BRIEF -> Nothing but the images should be left out when the entries are restated word for word.

(Pictures with short captions)

*-*-*

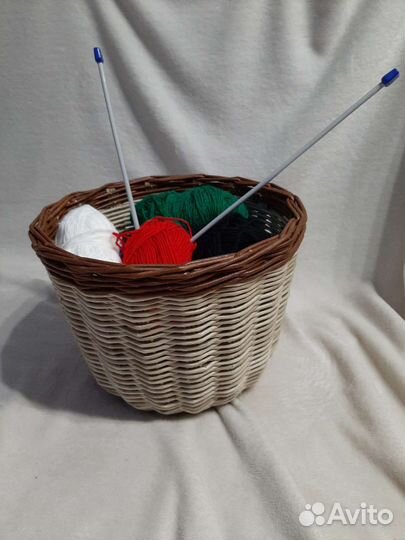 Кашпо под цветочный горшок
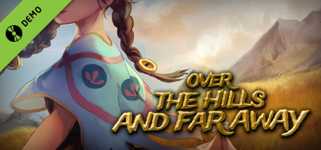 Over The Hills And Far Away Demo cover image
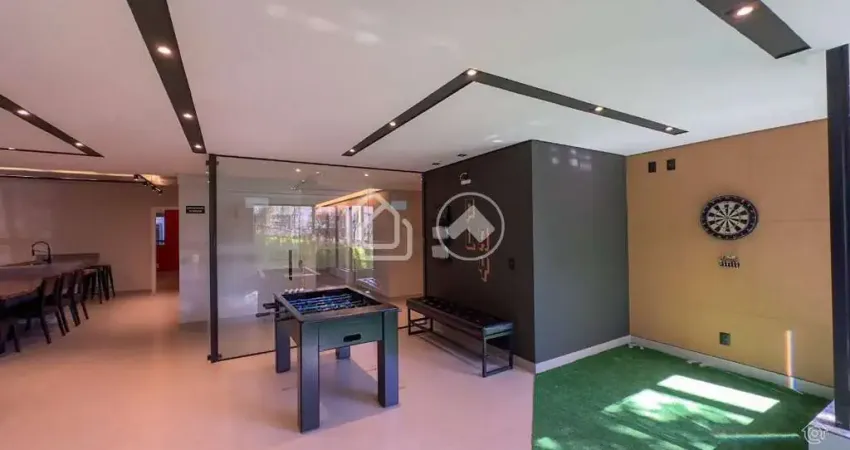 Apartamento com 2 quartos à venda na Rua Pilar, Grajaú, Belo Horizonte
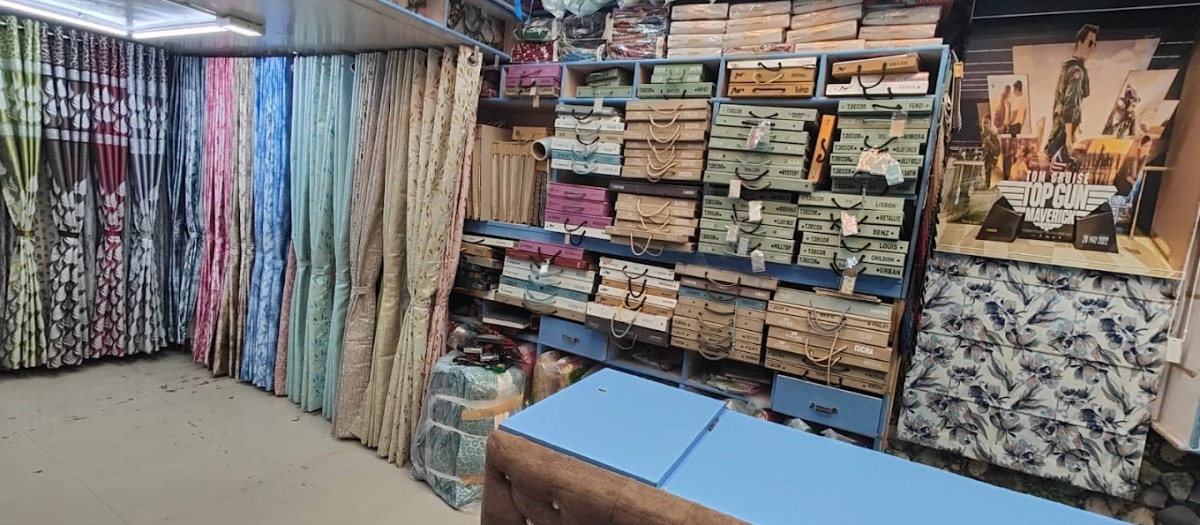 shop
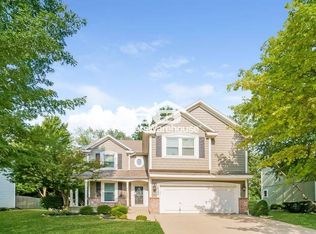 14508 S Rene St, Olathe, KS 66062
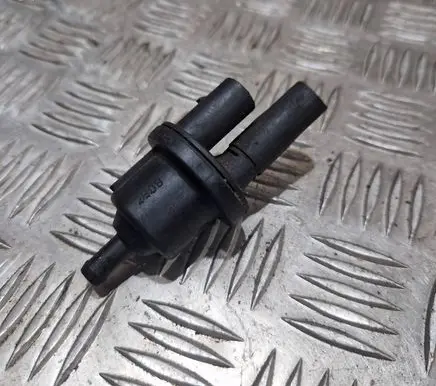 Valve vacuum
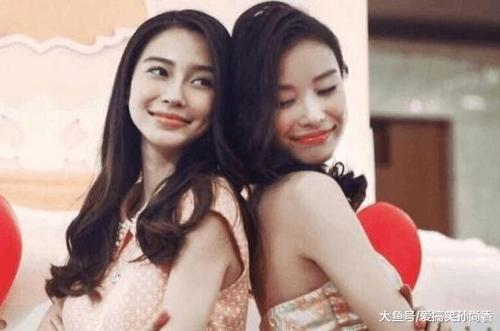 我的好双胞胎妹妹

*-*-*

SOLVED PROBLEM ->
 Кашпо под цветочный горшок
 Over The Hills And Far Away Demo cover image
 Apartamento com 2 quartos à venda na Rua Pilar, Grajaú, Belo Horizonte
 shop
 14508 S Rene St, Olathe, KS 66062
 Valve vacuum
 我的好双胞胎妹妹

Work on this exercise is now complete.